New York [US] – JPMorgan Chase CEO Jamie Dimon has issued a strong warning about the potential dangers of President Donald Trump’s aggressive tariff strategy, suggesting it may spark inflation, threaten economic growth, and even push the United States closer to recession.

In his annual letter to shareholders, Dimon stated:

“The recent wave of tariffs will likely increase inflation and are causing many to consider a greater probability of a recession.”

While stopping short of predicting an immediate economic crash, he made it clear that Trump’s expanding trade war could severely slow down growth.

Global Standing at Risk, Warns Dimon

Dimon emphasized that America’s strength globally depends not just on military power, but also on economic leadership and strong alliances.

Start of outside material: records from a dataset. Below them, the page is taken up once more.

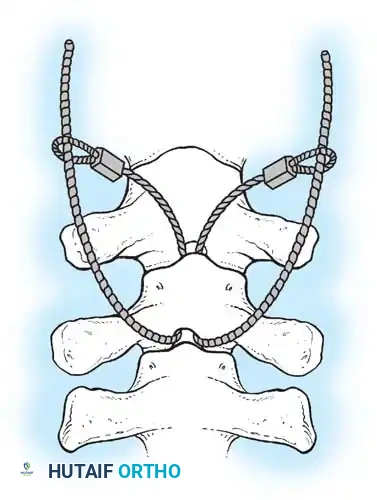 Hutaifortho's Orthopaedic Diagram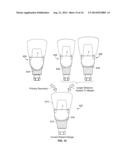 Patient-Specific Dental Prosthesis And Gingival Contouring Developed By     Predictive Modeling diagram and image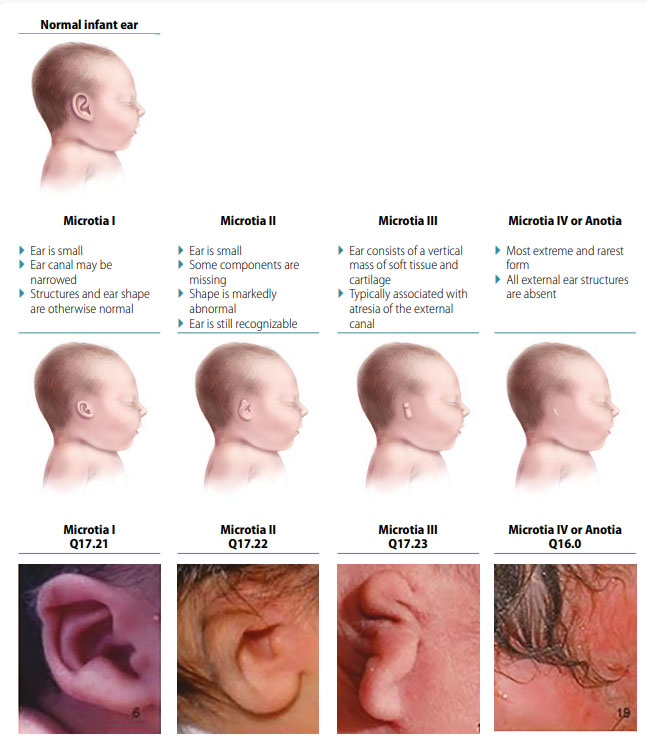 Fig. 13. Microtia/Anotia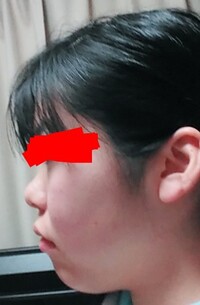 横顔の頬肉の落とし方を知りたいです 輪郭三点の整形手術をすれば Yahoo 知恵袋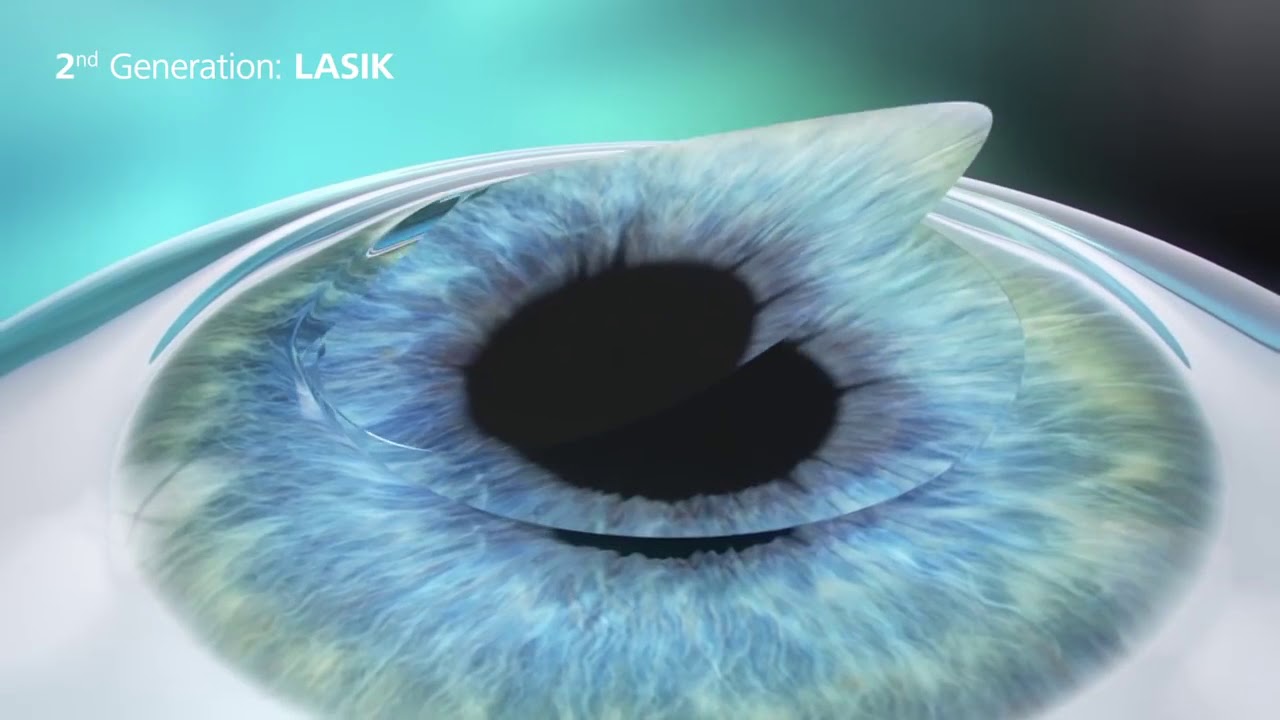 What is the difference between PRK, LASIK and ReLEx SMILE - YouTube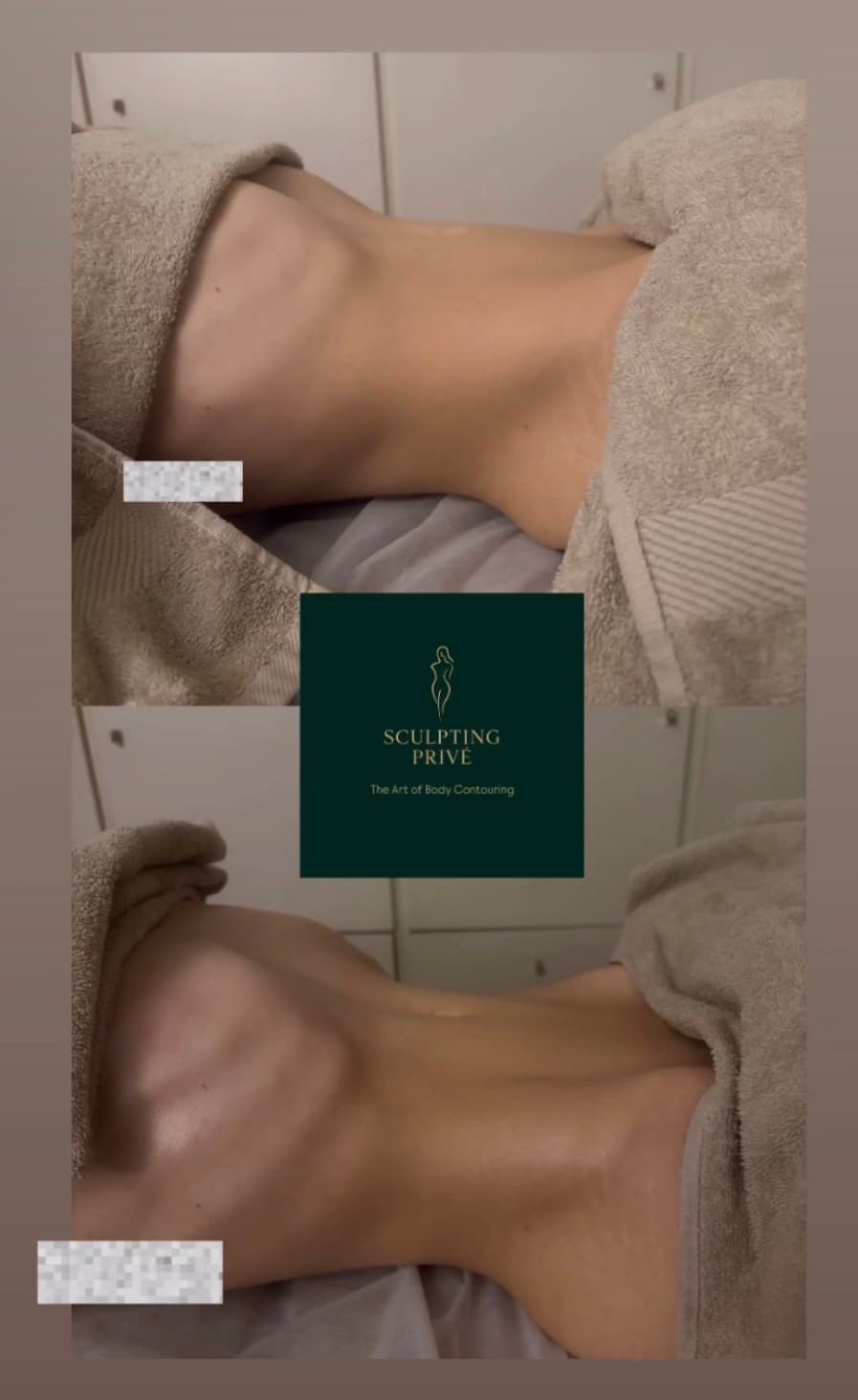 Ergebnis einer brasilianischen Lymphdrainage, Beispiel 2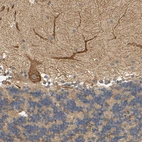 Immunohistochemical staining of human cerebellum shows strong cytoplasmic positivity in Purkinje cells.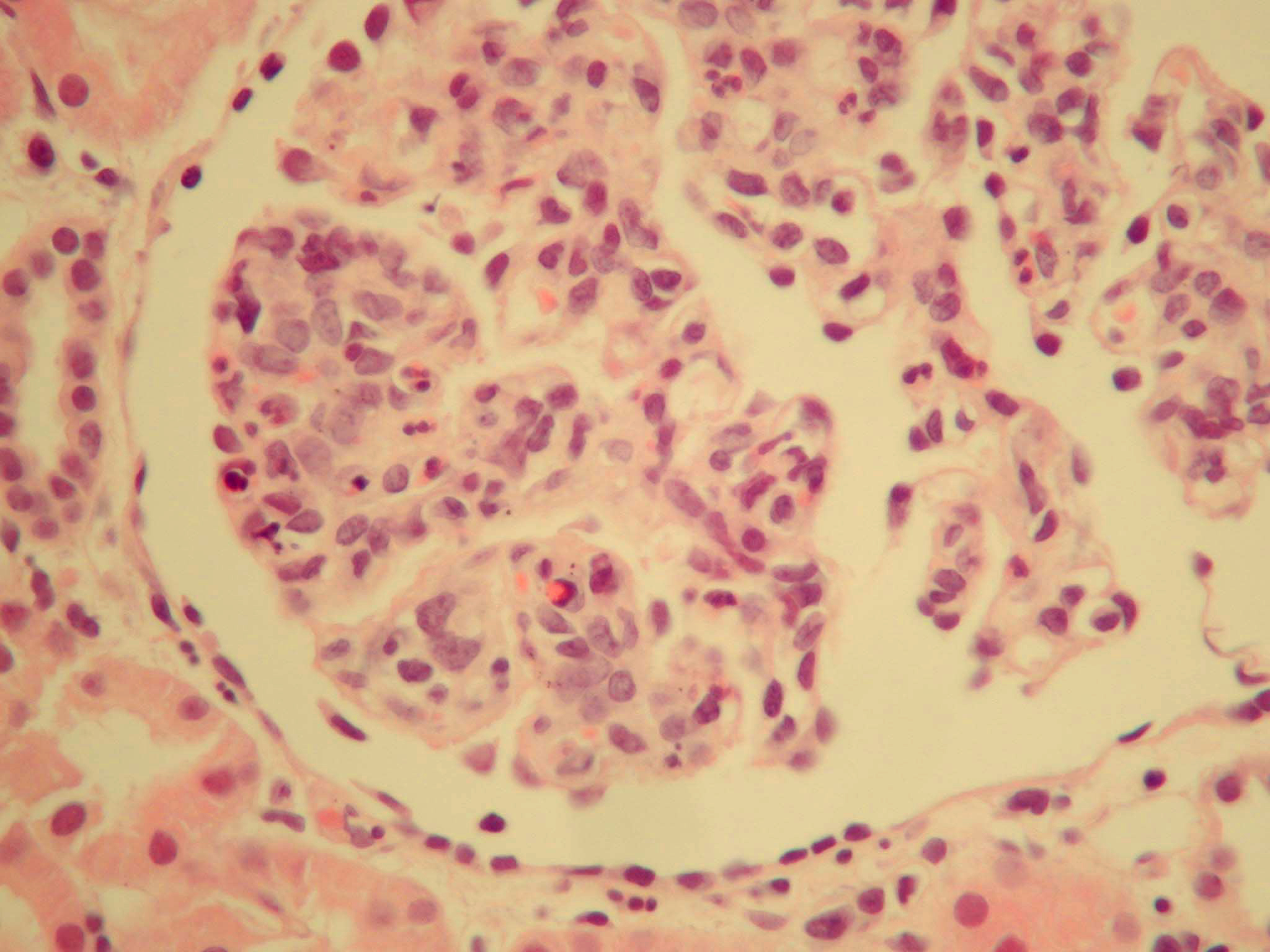 glomerulus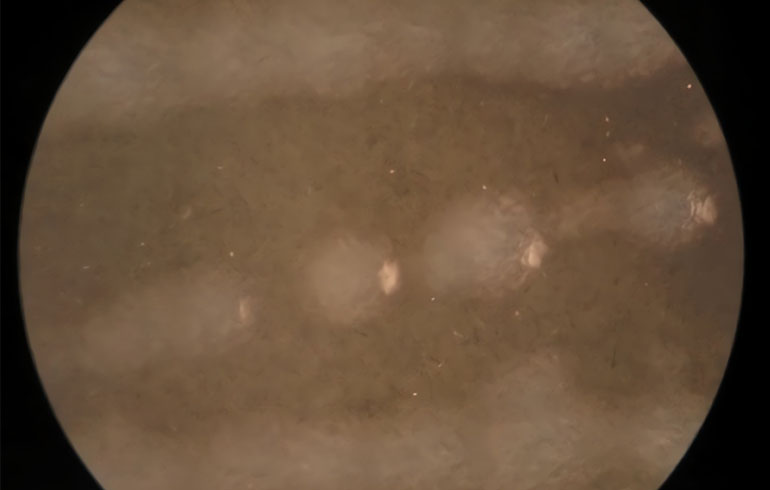 Neumonía causada por Legionella pneumophila | Transmisión y factores de riesgo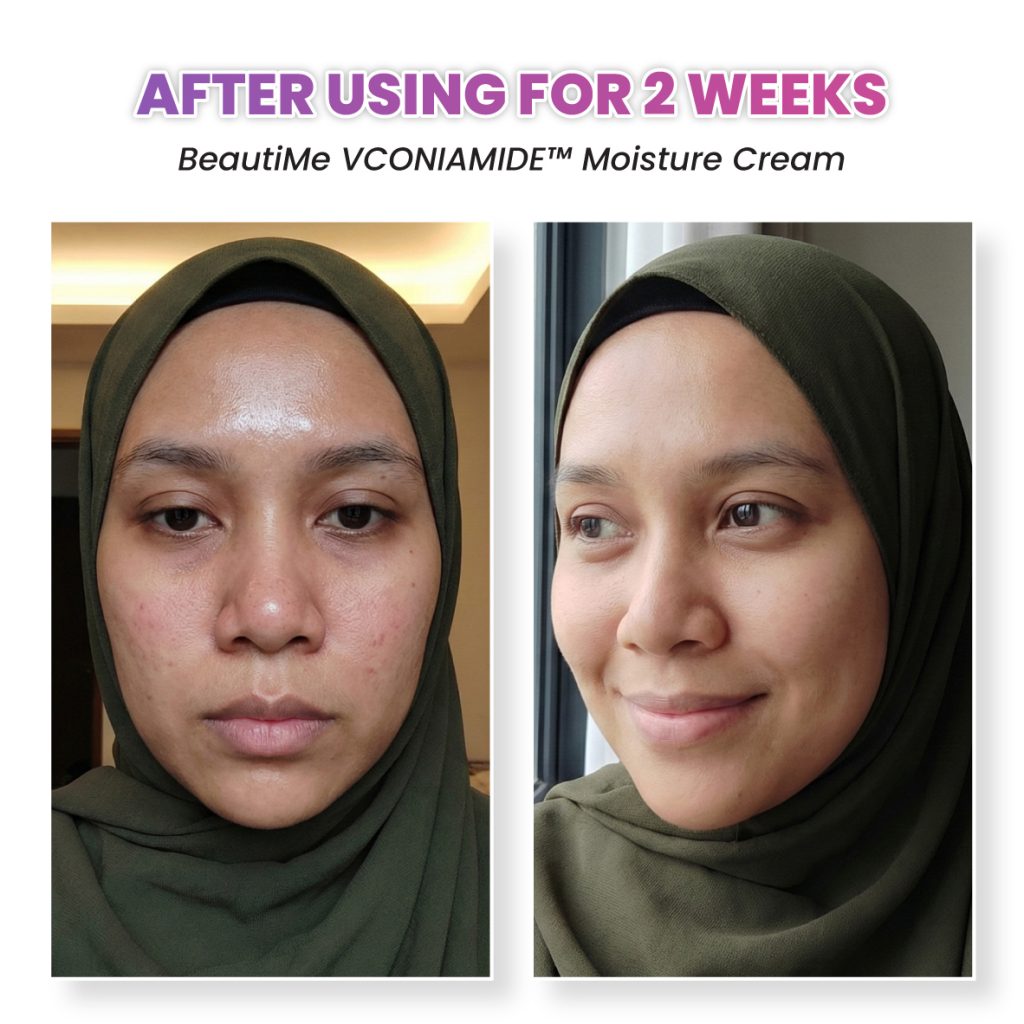 beautime ad 002 testimonial bf5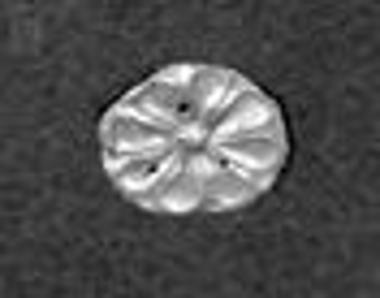 Χρυσός ρόδακας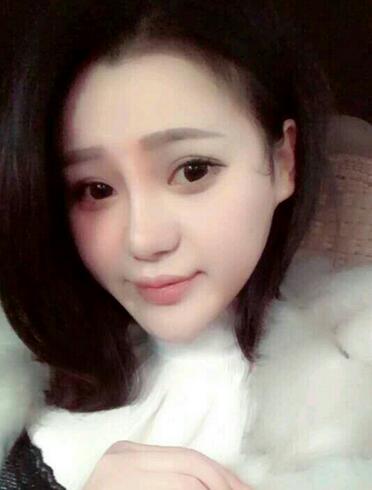 上海九院李圣利鼻綜合真實(shí)恢復(fù)期圖片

“America First is fine, as long as it doesn’t end up being America alone,” he warned.

He criticized the fragmentation of Western alliances, arguing that isolating US trade partners could undermine both security and economic stability.

“Security and economics are interconnected — ‘economic warfare’ has caused military warfare in the past,” Dimon added.

Shift in Tone on Trump Policies

This year’s letter marked a notable change in Dimon’s tone. While he previously downplayed the effects of tariffs, saying minor inflation was manageable, he now expresses deeper concern as Trump’s trade moves expand.

Dimon also warned of market overvaluation despite recent drops and urged caution amid what he called:

“The most perilous and complicated geopolitical and economic environment since World War II.”

US Economy Still Resilient—But For How Long?

Although the US economy has held up relatively well, Dimon noted early signs of weakening consumer spending and business activity.

He advised shareholders to stay vigilant, given the combined risks of Trump’s protectionist policies, global conflict, and rising inflation.